Give the data again exactly as written, skipping any pictures.

**Data excerpt**
============================================================

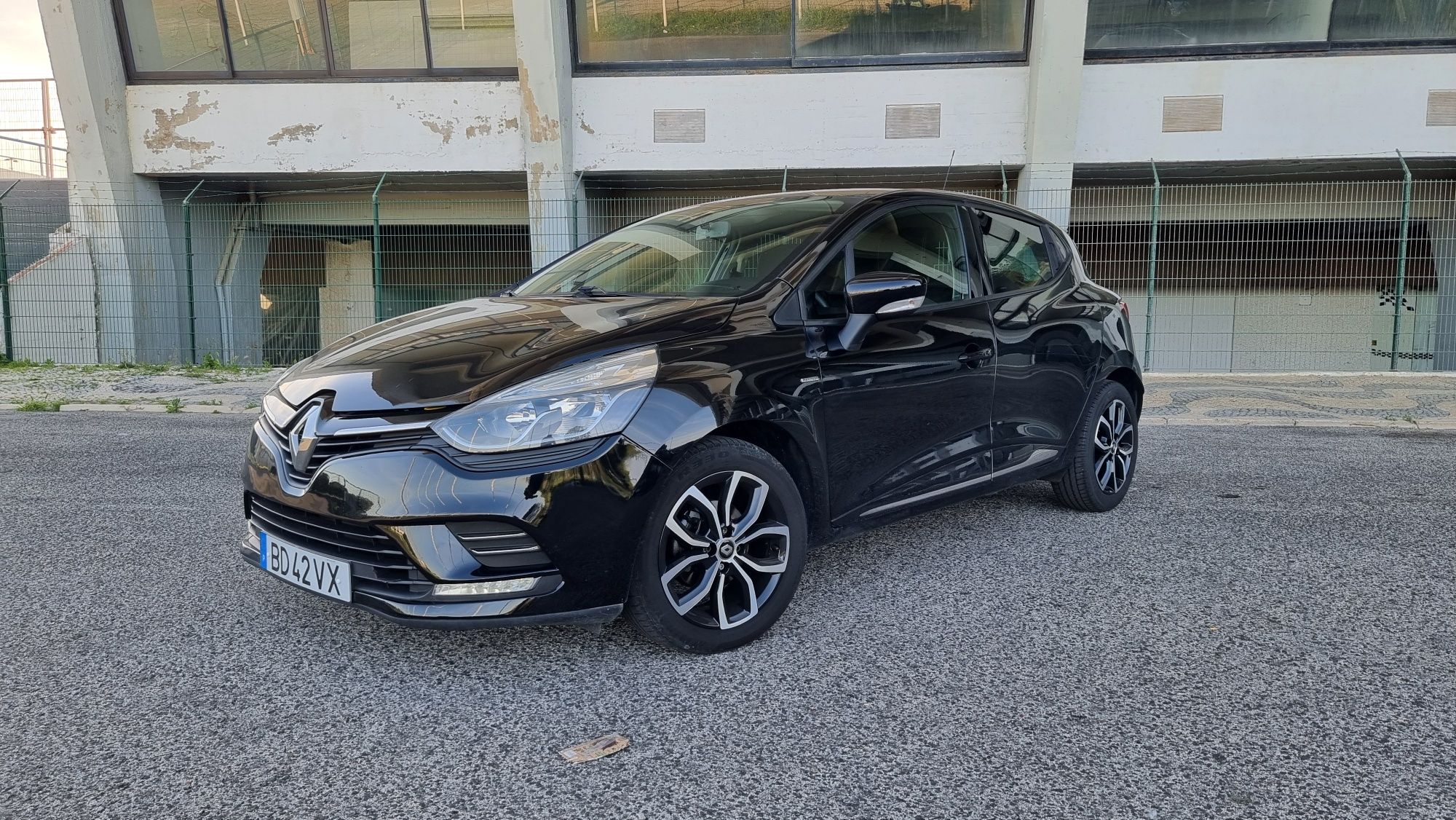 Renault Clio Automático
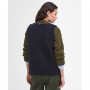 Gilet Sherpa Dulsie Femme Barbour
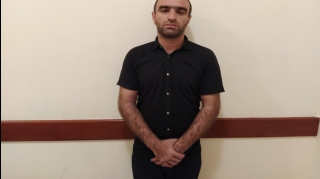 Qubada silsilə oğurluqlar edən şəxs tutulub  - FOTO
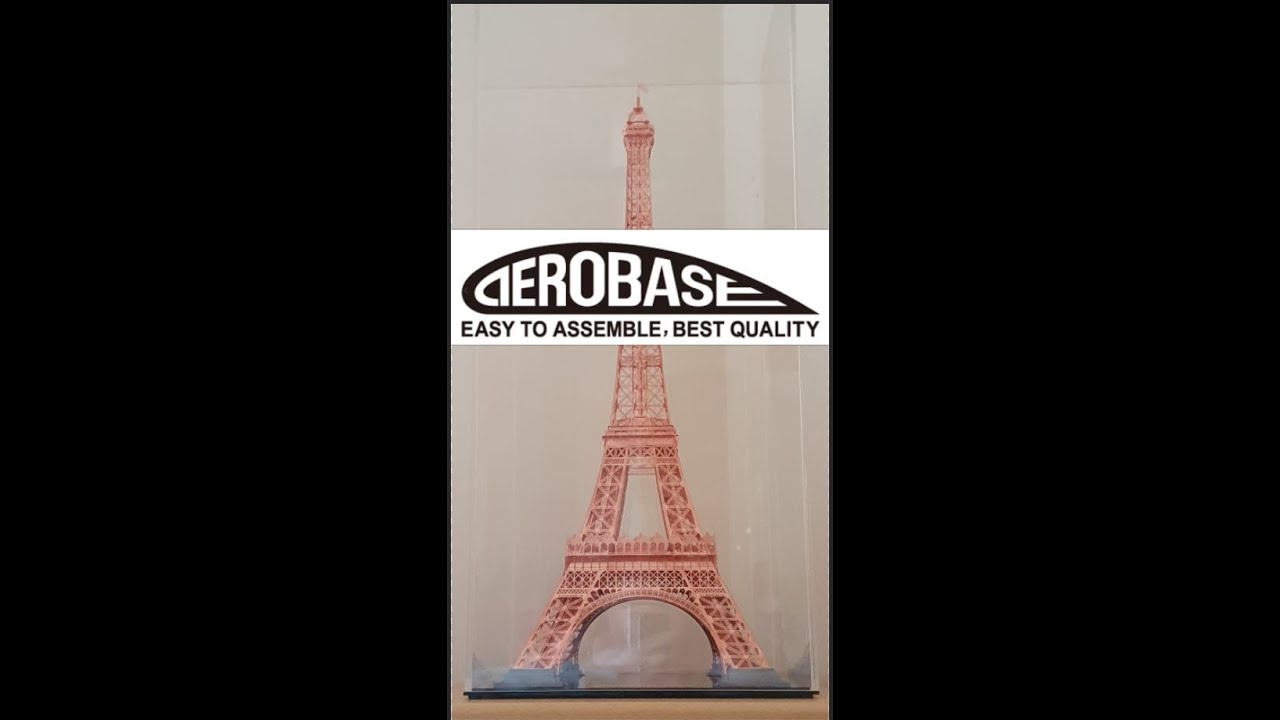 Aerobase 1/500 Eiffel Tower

============================================================

**Worked solution**
 Renault Clio Automático
 Gilet Sherpa Dulsie Femme Barbour
 Qubada silsilə oğurluqlar edən şəxs tutulub  - FOTO
 Aerobase 1/500 Eiffel Tower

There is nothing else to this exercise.